• [Problem description]
Although the data below holds other lines too, output only those from the line with "1pg娱乐电子游戏场.jpg" up to and including the line with "negozio in vendita", exactly as they appear.
═════ Data supplied
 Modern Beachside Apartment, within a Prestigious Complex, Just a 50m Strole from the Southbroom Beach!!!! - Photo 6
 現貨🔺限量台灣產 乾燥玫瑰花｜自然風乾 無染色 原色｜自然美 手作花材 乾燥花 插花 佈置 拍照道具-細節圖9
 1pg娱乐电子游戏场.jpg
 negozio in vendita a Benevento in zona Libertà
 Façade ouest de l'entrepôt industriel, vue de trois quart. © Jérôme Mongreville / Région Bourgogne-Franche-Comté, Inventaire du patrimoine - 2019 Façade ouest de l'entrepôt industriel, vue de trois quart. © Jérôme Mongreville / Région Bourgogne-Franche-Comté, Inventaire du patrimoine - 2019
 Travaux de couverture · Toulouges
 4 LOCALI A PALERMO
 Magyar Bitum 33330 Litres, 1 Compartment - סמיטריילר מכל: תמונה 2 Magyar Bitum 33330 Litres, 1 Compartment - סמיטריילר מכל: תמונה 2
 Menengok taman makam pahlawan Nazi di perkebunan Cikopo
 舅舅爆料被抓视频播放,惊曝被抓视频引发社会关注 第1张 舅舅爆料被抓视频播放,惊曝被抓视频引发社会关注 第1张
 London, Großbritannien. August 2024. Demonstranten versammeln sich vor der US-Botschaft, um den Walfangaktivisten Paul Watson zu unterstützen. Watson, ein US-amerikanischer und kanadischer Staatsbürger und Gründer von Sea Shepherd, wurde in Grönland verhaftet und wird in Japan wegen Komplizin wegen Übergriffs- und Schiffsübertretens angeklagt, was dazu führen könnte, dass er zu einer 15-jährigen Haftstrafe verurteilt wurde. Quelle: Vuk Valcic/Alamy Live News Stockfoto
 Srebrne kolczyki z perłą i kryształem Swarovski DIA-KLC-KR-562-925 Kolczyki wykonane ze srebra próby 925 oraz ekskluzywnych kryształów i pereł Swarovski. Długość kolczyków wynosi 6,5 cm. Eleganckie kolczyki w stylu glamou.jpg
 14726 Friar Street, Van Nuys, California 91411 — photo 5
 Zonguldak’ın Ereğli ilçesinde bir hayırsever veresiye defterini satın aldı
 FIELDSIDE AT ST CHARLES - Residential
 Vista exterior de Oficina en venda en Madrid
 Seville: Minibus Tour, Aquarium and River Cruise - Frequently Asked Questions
══════════
• [Solution below]
 1pg娱乐电子游戏场.jpg
 negozio in vendita a Benevento in zona Libertà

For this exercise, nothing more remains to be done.